The ability of corporations to fund political campaigns gives them a great deal of power in the political process, placing another huge ethical responsibility on their shoulders as they face decisions that seem to place social responsibility and business sustainability at odds. When legislation proposing a ban on cigarette advertising was introduced in the 20th century, for example, cigarette companies faced a choice to support or oppose a legal act that could benefit society while threatening their own sustainability.
Sustainability is all about the ability to keep the doors open and continue to serve customers. Positive cash flow is essential to sustainability, as it pays today's bills and expenses, but long-term investment and strategic planning are just as important. More than simply ensuring cash on hand, business sustainability requires entrepreneurs and managers to invest in production capacity, research and development, competitive labor, and branding. Sustainability also requires thorough short-, medium- and long-term strategies for product development, brand development and continued growth.
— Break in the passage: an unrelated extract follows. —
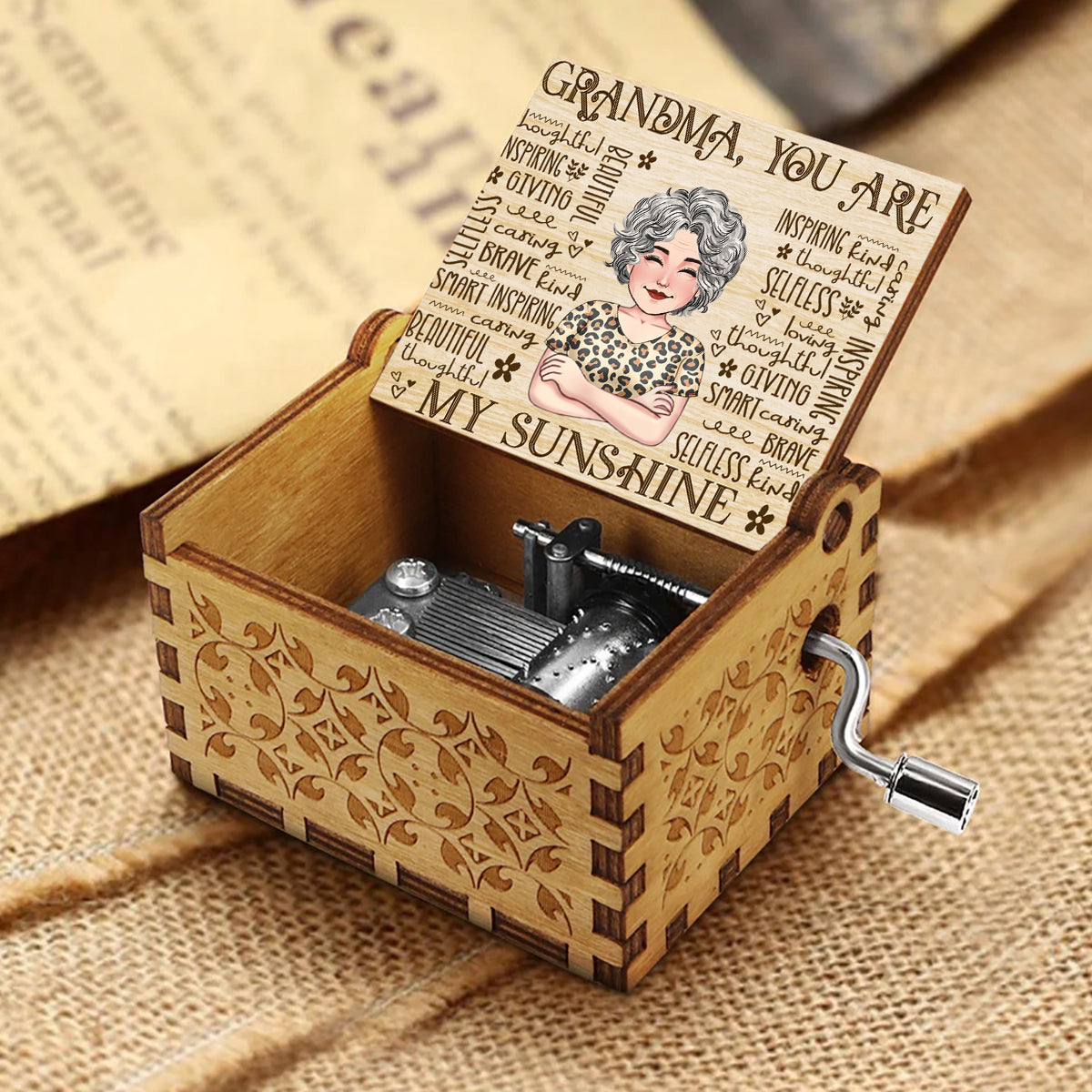 Mom You Are My Sunshine - Gift for mom, grandma, daughter, wife, aunt - Personalized Hand Crank Music Box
Short-term corporate profits can sometimes grow through unethical and irresponsible means, but unscrupulous business practices rarely build the foundation of long-term customer loyalty, legal compliance, and strong brand reputation necessary for sustainability. Doing the right thing may cost a bit more than purely serving the bottom line, but a commitment to social responsibility can build brand equity that stands the test of time. Balancing profit considerations with ethical guidelines for impacting the environment, economies, public health and politics can lead to win-win decisions that keep your company in the black while making positive contributions in the world.